Generate hierarchical clustering artwork and haplotype groups

  • using whole genome phasing
  • based upon Ag1000g phase 1 paper

In [1]:
%run setup.ipynb
%matplotlib inline
import hapclust

from scipy.cluster.hierarchy import _convert_to_double
from scipy.spatial import distance
from scipy.cluster.hierarchy import _hierarchy

Setup data


In [2]:
# define the gene region
region = 'PARA'
region_vgsc = '2L', 2358158, 2431617

In [3]:
def load_data(chrom, start=None, stop=None, n_variants=None):
    
    # load data
    callset_haps = np.load('../data/haps_phase1.npz')
    haps = allel.HaplotypeArray(callset_haps['haplotypes'])
    pos = allel.SortedIndex(callset_haps['POS'])
    ann = callset_haps['ANN']

    
    # locate the region of interest
    if start and stop:
        loc = pos.locate_range(start, stop)
    elif start and n_variants:
        start_idx = bisect.bisect_left(pos, start)
        stop_idx = start_idx + n_variants
        loc = slice(start_idx, stop_idx)
    elif stop and n_variants:
        stop_idx = bisect.bisect_right(pos, stop)
        start_idx = stop_idx - n_variants
        loc = slice(start_idx, stop_idx)
    else:
        raise ValueError('bad args')
    
    # obtain haplotypes for the region of interest
    pos = pos[loc]
    h = haps[loc]
    
    #setup missense
    tbl_variants_selected = etl.frompickle('../data/tbl_variants_missense_selected.pkl')

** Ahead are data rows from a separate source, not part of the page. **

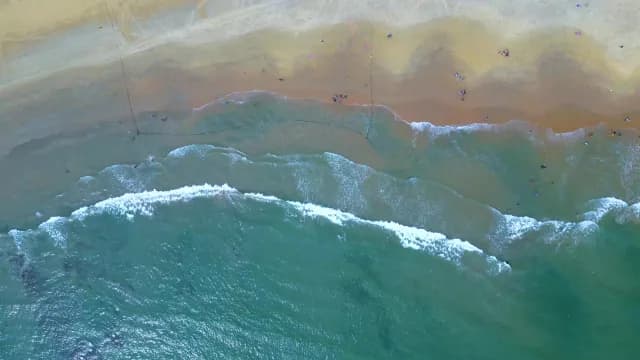 Aerial View of Turquoise Ocean Waves Crashing on Sandy Beach, Visakhapatnam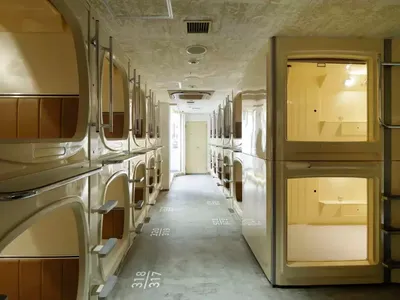 A modern capsule hotel with multiple pods, each featuring a bed and personal space.
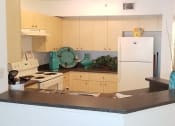 Thumbnail 11 of 19 - kitchen area with white appliances at Indian Trace, Florida , 33407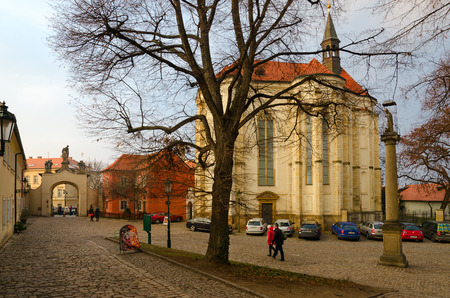 PRAGUE, CZECH REPUBLIC - JANUARY 22, 2019: Church of St. Roch (MIRO art gallery), Strahov Monastery. Unidentified people visit monastery courtyardのeditorial素材
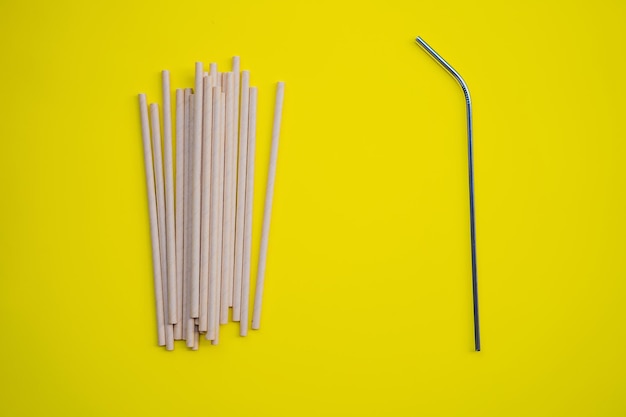 Foto beber acero vs pajitas desechables sobre un fondo amarillo concepto de cero residuos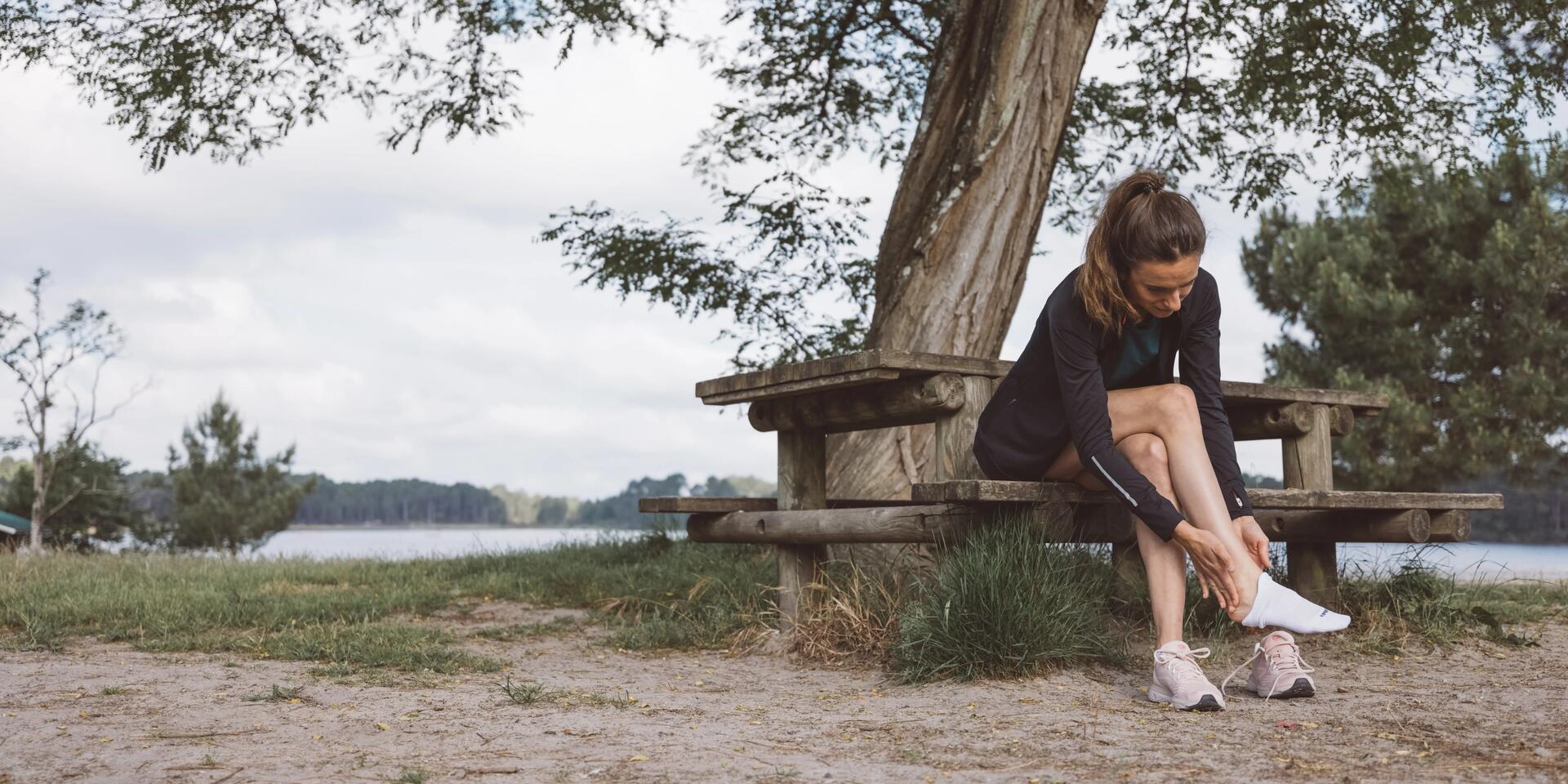 runner sitting on a bench taking off their sock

    tbl_selected_redux = (
        tbl_variants_selected
        .cut('POS', 'REF', 'ALT', 'AGAP004707-RA')
        .mergeduplicates(key=('POS'))
        .convert('ALT', lambda v: ','.join(v) if len(v) > 1 else v)
        .addfield('label',  lambda rec: '%s:%s>%s %s' % (rec.POS, rec.REF, rec.ALT.ljust(3), rec['AGAP004707-RA'].rjust(6)))
        .sort('POS')
    )
    
    # extract positions for the missense variants
    pos_missense = allel.SortedIndex(tbl_selected_redux['POS'])
    
    # extract haplotypes for the missense variants
    missense_bool = np.in1d(pos, pos_missense)
    h_missense = h.compress(missense_bool)
    
    missense_mutations = list(tbl_selected_redux['AGAP004707-RA'])
    
    return pos, h, h_missense, missense_mutations

In [4]:
pos, h, h_missense, missense_mutations = load_data(*region_vgsc)

In [5]:
h.shape


Out[5]:
(1713, 1530)

In [6]:
missense_mutations


Out[6]:
['R254K',
 'V402L',
 'D466H',
 'M490I',
 'T791M',
 'L995S',
 'L995F',
 'A1125V',
 'V1254I',
 'I1527T',
 'N1570Y',
 'E1597G',
 'K1603T',
 'A1746S',
 'V1853I',
 'I1868T',
 'P1874S',
 'P1874L',
 'F1920S',
 'A1934V',
 'I1940T']

Plot missense mutations


In [7]:
def plot_missense_haplotypes(ax, h, mut_labels):
    h = h.copy()
    # colours for colormap
    mycol = ['r', 'w', 'k'] 
    # alter rows with kdr mutations for color map to pick up
#     known_muts = ['L995S (2984T>C)', 'L995F (2985A>T)', 'N1570Y (4708A>T)']
    known_muts = ['L995S', 'L995F', 'N1570Y']
    for mut in known_muts:
        if mut in mut_labels:
            h[mut_labels.index(mut)] *= -1

    # make colormap
    cake = mpl.colors.ListedColormap(mycol, name='mymap', N=3)
    # plot
    ax.pcolormesh(np.asarray(h[::-1]), cmap=cake, vmin=-1, vmax=1, zorder=-10)
        
    ax.set_yticks(np.arange(h.shape[0])+.5)
    lbl = [l for l in mut_labels[::-1]]
#     lbl = ['%s' % l for l in mut_labels[::-1]]
    ax.set_yticklabels(lbl, family='monospace', fontsize=6)
    ax.set_ylabel('Non-synonymous SNPs')
    
    for ytick in ax.get_yticklabels():
        if ytick.get_text() in known_muts:
            ytick.set_color('r')
    
    ax.hlines(np.arange(h.shape[0]+1), 0, h.shape[1], color='k', lw=.5)
    ax.set_xlim(0, h.shape[1])
    ax.set_ylim(0, h.shape[0])
#     ax.set_xticks([])
    ax.yaxis.tick_left()
    ax.set_xticks([])
    # rasterize to avoid SVG antialiasing issues and reduce file size
    ax.set_rasterization_zorder(-5)
#     ax.set_xticks(list(range(0, h.shape[1], 200)) + [h.shape[1]])
#     ax.xaxis.tick_bottom()
#     ax.spines['top'].set_visible(False)
#     ax.spines['bottom'].set_visible(False)

In [8]:
fig, ax = plt.subplots()
plot_missense_haplotypes(ax, h_missense, missense_mutations)


Cluster haplotypes


In [9]:
def plot_dendrogram(h, ax, method='complete', color_threshold=0, above_threshold_color='k'):
    
    # compute distance matrix
    dist = allel.stats.pairwise_distance(h, 'hamming') * h.shape[0]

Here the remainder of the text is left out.